In case you used a LabelEncoder before this OneHotEncoder to convert the categories to integers, then you can now use the OneHotEncoder directly.


In [48]:
#Check the sample of the encoded data
[x for x in X_new_test[0]]

[0.0, 0.0, 1.0, 683.0, 1.0, 41.0, 0.0, 148863.17, 1.0, 1.0, 1.0, 163911.32]

In [49]:
#Avoid the dummy variable trap
X_new_test = X_new_test[:, 1:]

In [50]:
[x for x in X_new_test[0]]

[0.0, 1.0, 683.0, 1.0, 41.0, 0.0, 148863.17, 1.0, 1.0, 1.0, 163911.32]

In [51]:
#Scale the data
test_scaler = StandardScaler()

In [52]:
X_new_test = test_scaler.fit_transform(X_new_test)

In [53]:
X_new_test[0]

array([-0.81649658,  1.22474487, -0.1867447 ,  0.81649658,  1.33443634,
       -1.95133091,  0.89740508, -0.5       ,  0.5       ,  0.81649658,
        1.15501108])

# Load the saved model

In [54]:
saved_model = load_model('model/bank_customer_classification_model.h5')

## Predict the probability of each customer leaving the bank

In [55]:
y_test_predict = saved_model.predict(X_new_test)

In [56]:
#Probabilities
y_test_predict

array([[0.36057696],
       [0.03769911],
       [0.7195019 ],
       [0.01057194],
       [0.20874919]], dtype=float32)

In [57]:
test_dataset

Unnamed: 0,RowNumber,CustomerId,Surname,CreditScore,Geography,Gender,Age,Tenure,Balance,NumOfProducts,HasCrCard,IsActiveMember,EstimatedSalary,Exited
4103,4104,15693337,Perry,683,Spain,Male,41,0,148863.17,1,1,1,163911.32,0
5330,5331,15626212,Wark,616,France,Male,29,9,0.0,1,1,1,166984.44,0
4108,4109,15769389,Wan,709,Germany,Female,39,9,124723.92,1,1,0,73641.86,0
7680,7681,15665181,Chung,808,Spain,Male,25,7,0.0,2,0,1,23180.37,0
4631,4632,15706116,McKay,659,Germany,Female,30,8,154159.51,1,1,0,40441.1,0


In [58]:
surnames = test_dataset['Surname']

In [59]:
surnames = [x for x in surnames]

In [60]:
probabilities = [x[0] for x in y_test_predict]

In [61]:
probabilities

[0.36057696, 0.037699107, 0.7195019, 0.01057194, 0.20874919]

In [62]:
for index, probability in enumerate(probabilities):
    print('{} has {:.2f}% probability of leaving the bank.\n'.format(surnames[index], probability*100))

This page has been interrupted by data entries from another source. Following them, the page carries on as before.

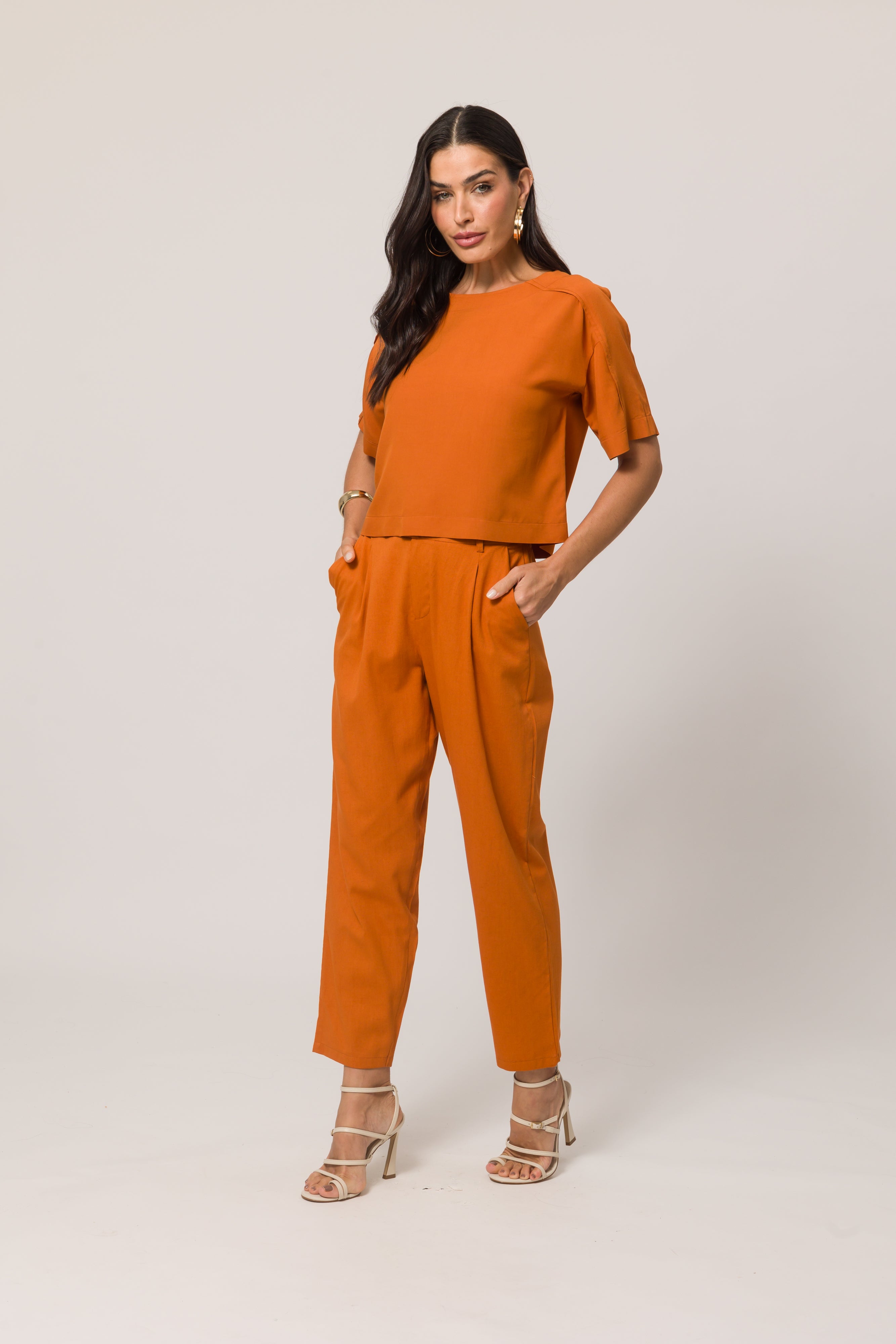 Blusa de Manga Curta em Plano Viscose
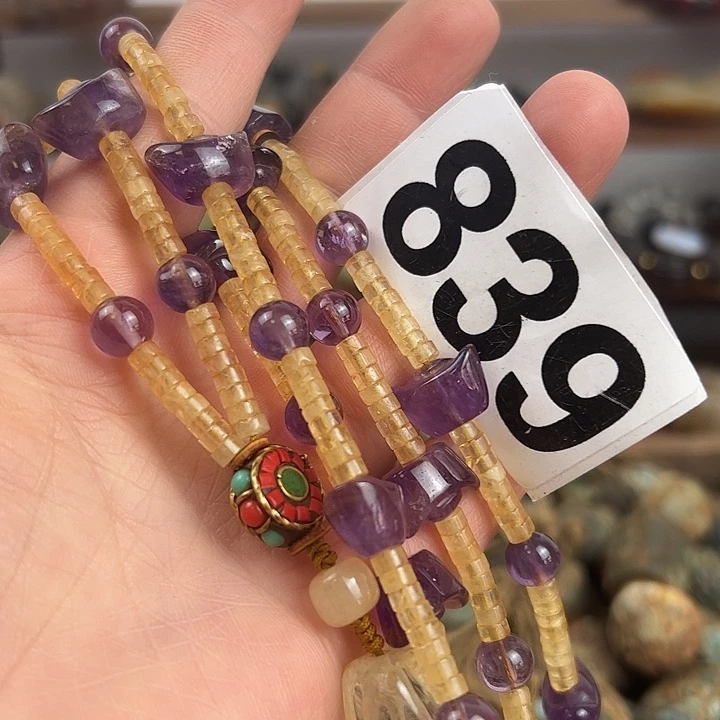 水晶颈饰未镶嵌半***妇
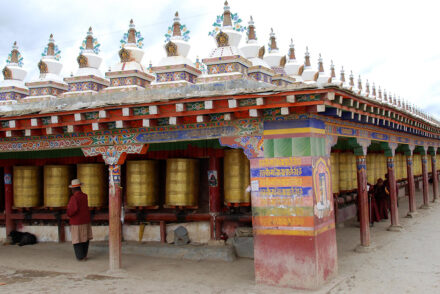 Kinh Luân Tây Tạng là gì và ý nghĩa tịnh hóa nghiệp chướng của pháp khí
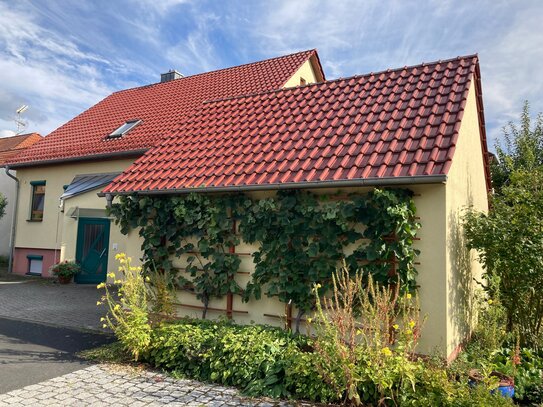 freistehendes Einfamilienhaus mit Keller, Garten und Garage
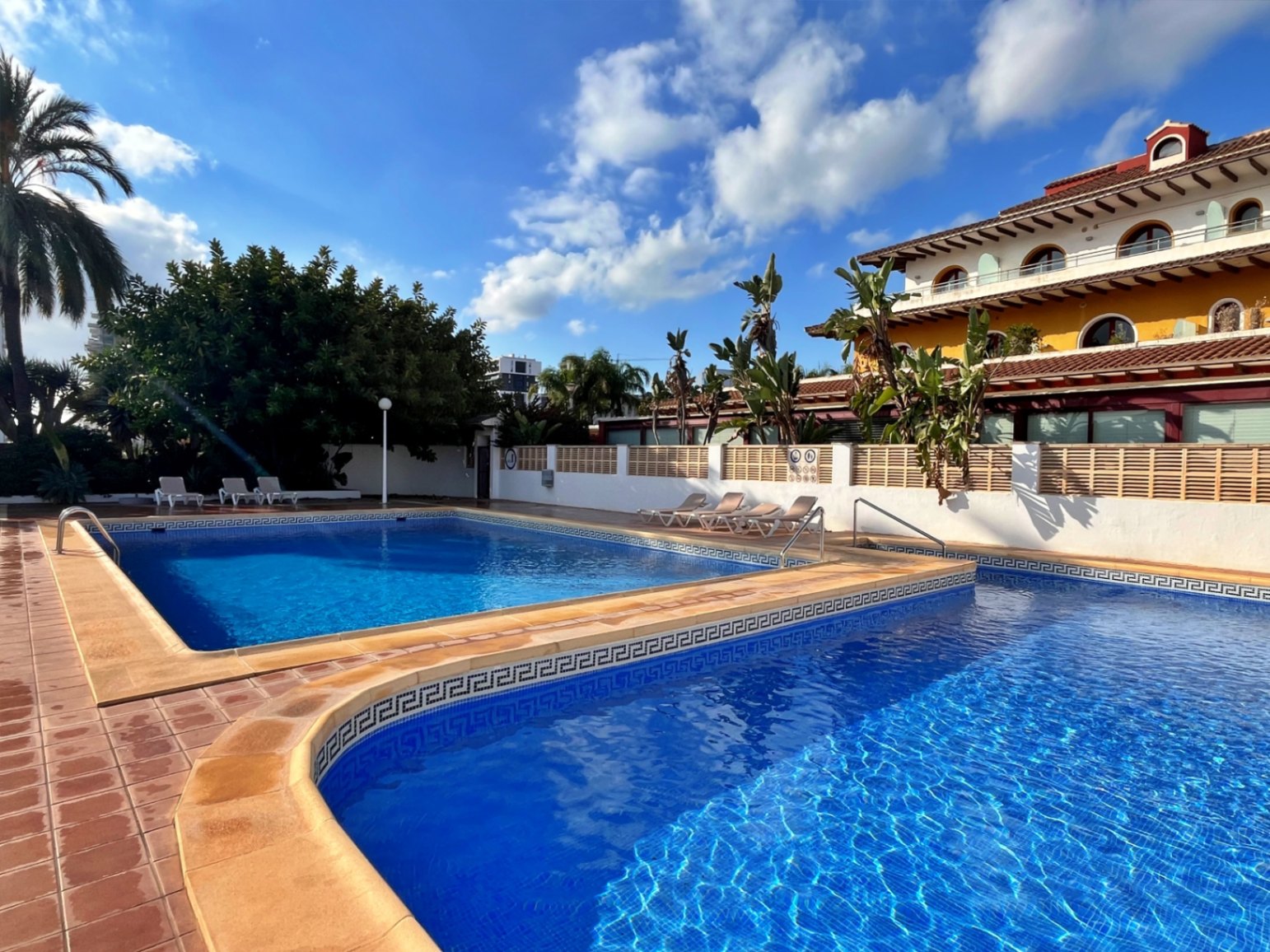 Woning op de begane grond met een ruime tuin te koop, Calpe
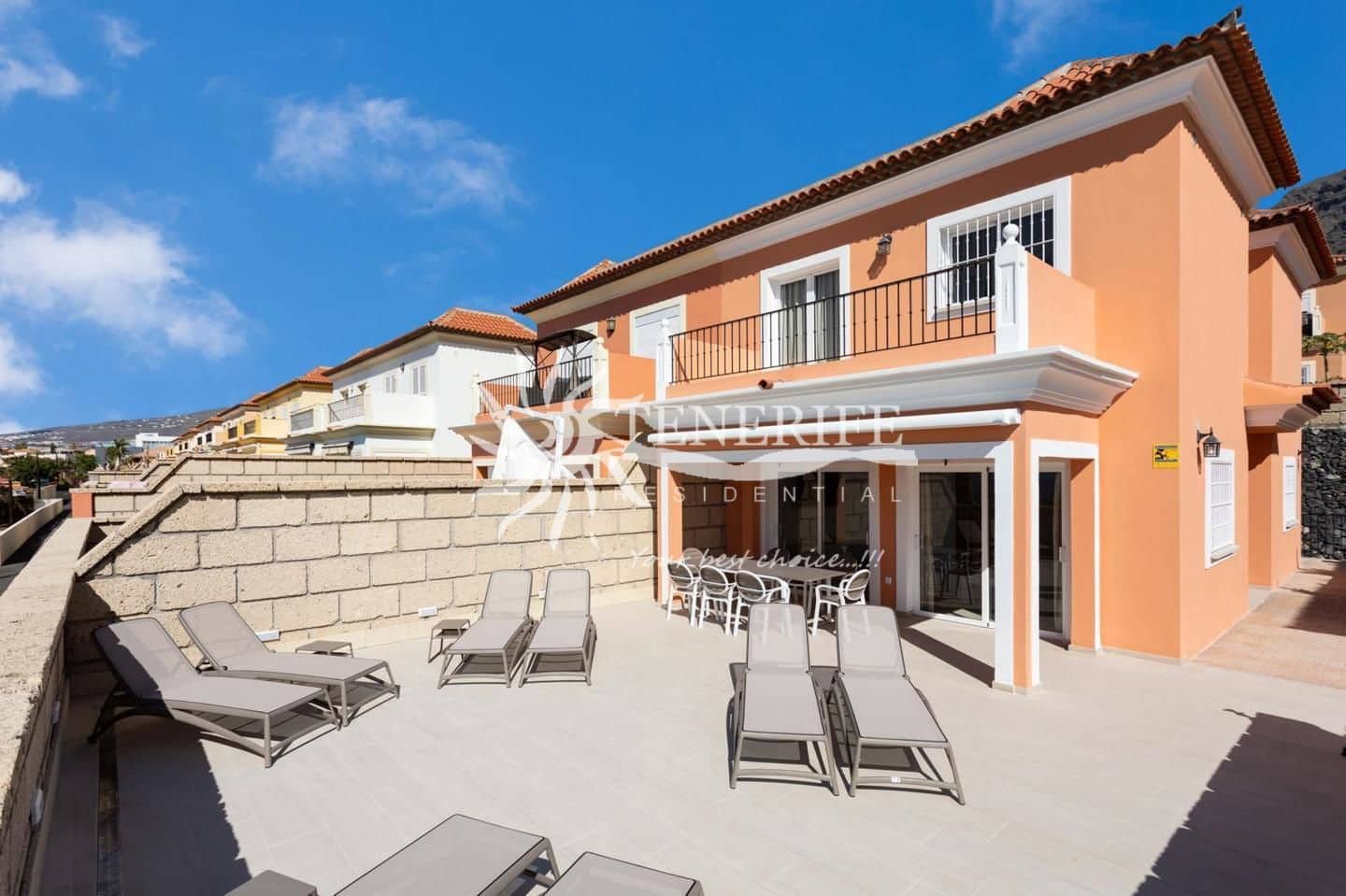 4 slaapkamer Halfvrijstaande villa te koop in Adeje met garage - € 1.390.000 (Ref: 9459420)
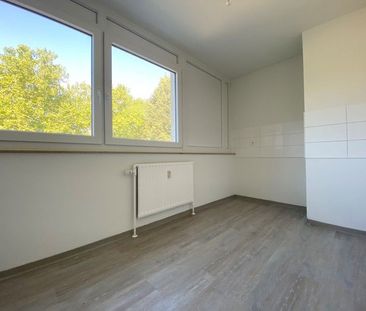 Großzügig und einladend: 3 Zimmer - modern Wohnen! - Foto 4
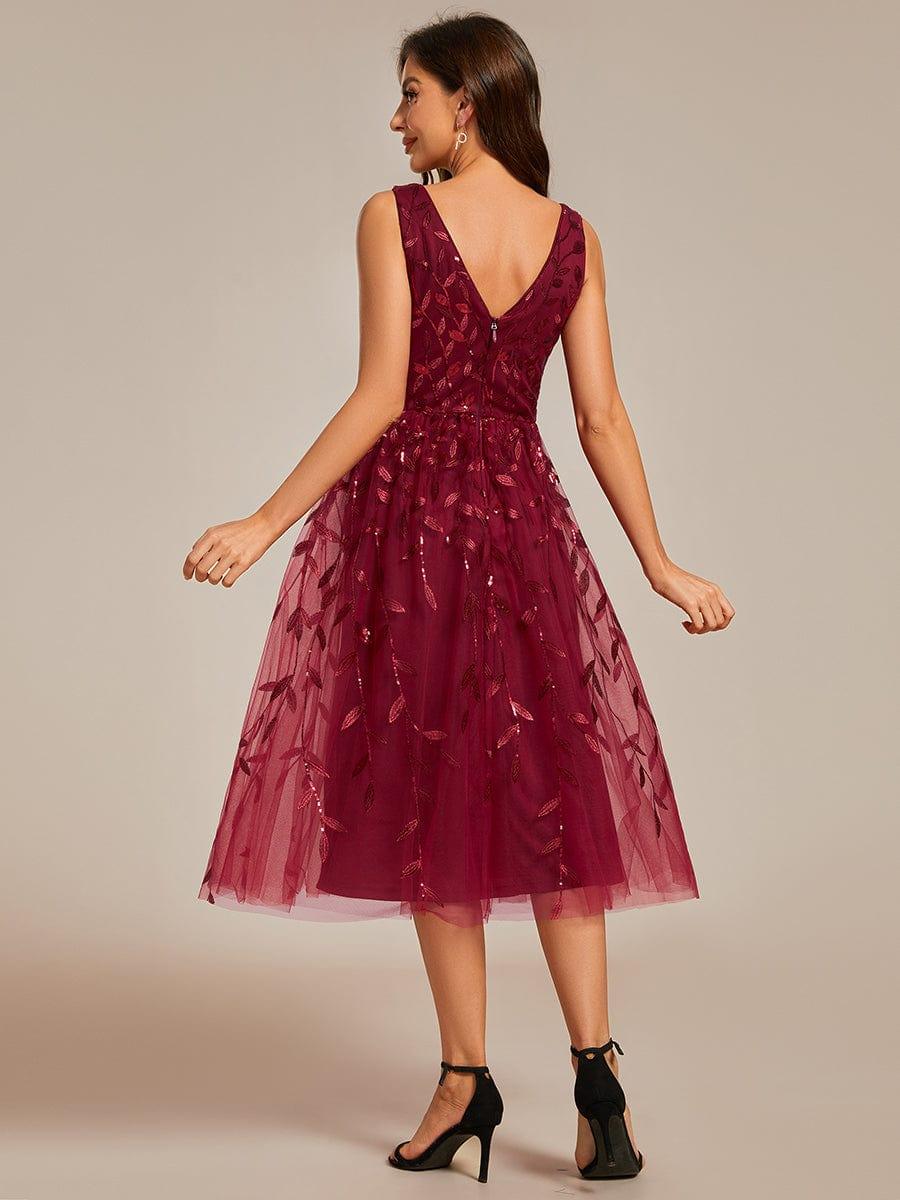 Robe d'invité de mariage mi-longue trapèze à col en V et paillettes avec sans manches #Couleur_Bordeaux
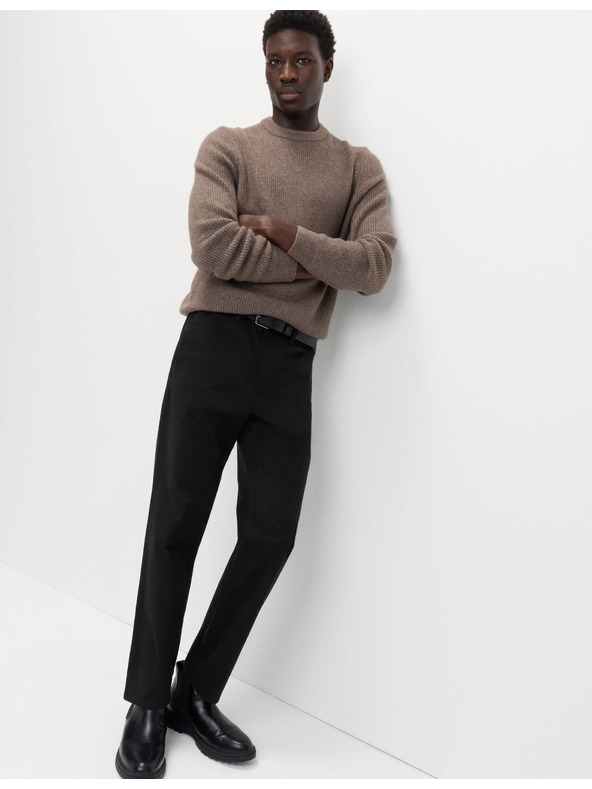 Marks & Spencer Strečové chino kalhoty normálního střihu Marks & Spencer černá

Perry has 36.06% probability of leaving the bank.

Wark has 3.77% probability of leaving the bank.

Wan has 71.95% probability of leaving the bank.

Chung has 1.06% probability of leaving the bank.

McKay has 20.87% probability of leaving the bank.